• WORK TASK: Where the records below have a line with "Used", that line is to be copied.

(Scraped caption text data)
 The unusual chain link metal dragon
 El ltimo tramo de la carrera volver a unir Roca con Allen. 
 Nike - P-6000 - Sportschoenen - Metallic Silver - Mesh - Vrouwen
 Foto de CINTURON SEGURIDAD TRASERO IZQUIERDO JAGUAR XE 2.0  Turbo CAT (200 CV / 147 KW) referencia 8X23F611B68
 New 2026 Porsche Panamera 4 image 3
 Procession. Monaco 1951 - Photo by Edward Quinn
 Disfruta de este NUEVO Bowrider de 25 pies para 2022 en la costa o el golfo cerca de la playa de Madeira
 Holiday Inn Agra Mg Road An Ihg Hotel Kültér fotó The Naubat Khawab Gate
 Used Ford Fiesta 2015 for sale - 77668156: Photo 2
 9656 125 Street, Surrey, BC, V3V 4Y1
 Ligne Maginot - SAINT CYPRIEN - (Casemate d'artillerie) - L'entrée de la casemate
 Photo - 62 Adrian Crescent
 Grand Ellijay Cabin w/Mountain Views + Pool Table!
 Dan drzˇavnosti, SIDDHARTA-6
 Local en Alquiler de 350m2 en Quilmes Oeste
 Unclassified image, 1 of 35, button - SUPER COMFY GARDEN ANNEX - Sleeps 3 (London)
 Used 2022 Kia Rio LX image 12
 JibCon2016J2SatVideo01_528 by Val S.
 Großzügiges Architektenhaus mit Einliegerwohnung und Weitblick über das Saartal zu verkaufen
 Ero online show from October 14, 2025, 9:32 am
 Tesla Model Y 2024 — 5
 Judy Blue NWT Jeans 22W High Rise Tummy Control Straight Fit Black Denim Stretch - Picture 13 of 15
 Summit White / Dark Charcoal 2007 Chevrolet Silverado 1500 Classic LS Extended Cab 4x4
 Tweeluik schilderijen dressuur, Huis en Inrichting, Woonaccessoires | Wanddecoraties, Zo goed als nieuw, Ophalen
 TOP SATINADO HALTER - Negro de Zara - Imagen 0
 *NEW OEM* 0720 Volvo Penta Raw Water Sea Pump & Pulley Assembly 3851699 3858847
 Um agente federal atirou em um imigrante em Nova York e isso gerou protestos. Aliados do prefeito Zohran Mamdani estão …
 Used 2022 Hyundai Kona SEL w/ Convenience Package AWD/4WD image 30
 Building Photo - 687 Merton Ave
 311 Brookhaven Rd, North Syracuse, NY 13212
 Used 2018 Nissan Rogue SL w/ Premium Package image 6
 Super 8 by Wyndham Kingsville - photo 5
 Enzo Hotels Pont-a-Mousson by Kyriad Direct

• ANSWER FOR THIS EXERCISE:
 Used Ford Fiesta 2015 for sale - 77668156: Photo 2
 Used 2022 Kia Rio LX image 12
 Used 2022 Hyundai Kona SEL w/ Convenience Package AWD/4WD image 30
 Used 2018 Nissan Rogue SL w/ Premium Package image 6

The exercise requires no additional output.